To start, here's a famous comic from xkcd that illustrates the disastrous effects of SQL injections on databases.
$query = "SELECT * FROM users WHERE username='" . $username . "'"; mysql_query($query);A query like this is very typical in handling database operations, and here it's used to pull up the record of some user registered on the website (if it exists), possibly to cross-reference it with login information that the user has entered. How can we exploit something like this? Let's say I was logging on a website that requires a username and password; perhaps it looks something like this:
Now if I were to enter something like "amer" for the username and "password" for password (I would strongly discourage using "password" as a password in the real world, I'm just trying to make a point here), then the query would be executed as
SELECT * FROM users where username='amer'. So how do I exploit this? Well, maybe if I provide a username that is not really a username but just SQL code, then maybe I can change the structure of this statement and get it to do something other than its intended purpose. Maybe I could get it to remove a user from the database. If this was a university database, for example, then maybe I could delete a student record - someone I don't like. Maybe I could create a fake student with a fake ID. Or maybe I could just get rid of the database altogether. You can see then how problematic it can be to have a vulnerability like this on a website and how important it is to make sure that queries are executed safely.

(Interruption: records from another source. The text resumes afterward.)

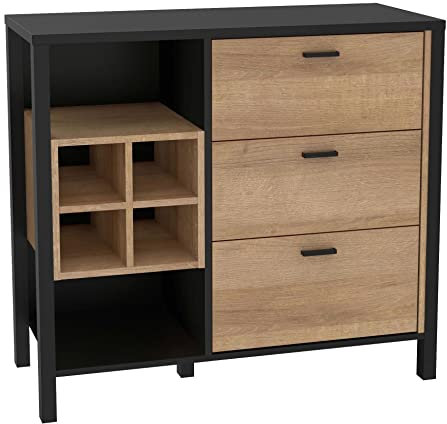 Forte HIGH ROCK Kommode mit 3 Schubladen, Holzwerkstoff, Schwarz/Riviera Eiche, B x H x T: 93,3 x 85,1 x 40,2 cm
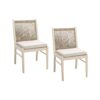Cordoba - Dining Chair (Set of 2) With Acacia Wood Frame And Water Repellent Fabric - Beige / Yellow - Image 5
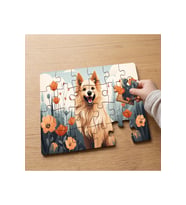 Gülen Sarı Köpek Tasarımlı 24 Parça Ahşap Çocuk Puzzle MPK0440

Before I get into protection mechanisms, let's look at examples of how I could exploit this query. If I entered something like ' OR '1'='1, then the query would be SELECT * FROM users where username='' OR '1'='1'. Because '1'='1' will always be true, this query will retrieve the record of every user on the database. What happens after that is left to the hacker's discretion. Different websites are structured differently on the backend, so there isn't a unique way to read this information after retrieving it - finding a way to manipulate the information you have just retrieved into something useful (or disastrous, depending on your perspective) is generally determined experimentally. Some other tricks used in injections includes blocking out the rest of the query after the point of injection by using the comment characters /*. For example, I might choose to enter something like this as a username ' OR '1'='1' /* instead. This is an improvement over the original because now the rest of the statement is blocked and I have more control over what gets executed. It's important to note that a hacker cannot really see what the query statement looks like because this is all server-side code, but they can make repeated educated guesses to narrow the options down until they get a good idea of what it could be. For example, the query statement presented earlier could have been written differently.

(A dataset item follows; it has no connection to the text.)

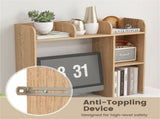 Natural Desktop Bookshelf for 27''/68.58cm Monitor, 93.9825.4073.66cm Engineered Wood Desk Hutch 81621000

$query = "SELECT * FROM users WHERE username='" . $username . "' AND password='" . $password . "'"; mysql_query($query);Now if I try the old trick
' OR '1'='1' in the username only, it will not work because there is an extra clause in the query that isn't being taken into account. Better would be ' OR '1'='1' /*. Better yet would be to add a DROP statement at the add and get rid of the table altogether 1'; DROP TABLE users. Of course, the hacker doesn't really know the table is called 'users' for sure, but that's not really the point. One thing to note is that multiple statements cannot always be executed in the same query. In this particular example, it will not execute because mysql_query() does not allow it. That's why the injection process is experimental; you have to try various combinations before figuring out how the queries are structured and executed.
There are various defence mechanisms for SQL injections. Most programming languages will have built-in functions to take care of strings entered with malicious intents. I'm going to go ahead and borrow the PHP example provided by Wikipedia. The function of interest in PHP is mysql_real_escape_string(). There are some other ones out there, but they are deprecated and this function is standard in escaping input in PHP (as of the time of writing of this post).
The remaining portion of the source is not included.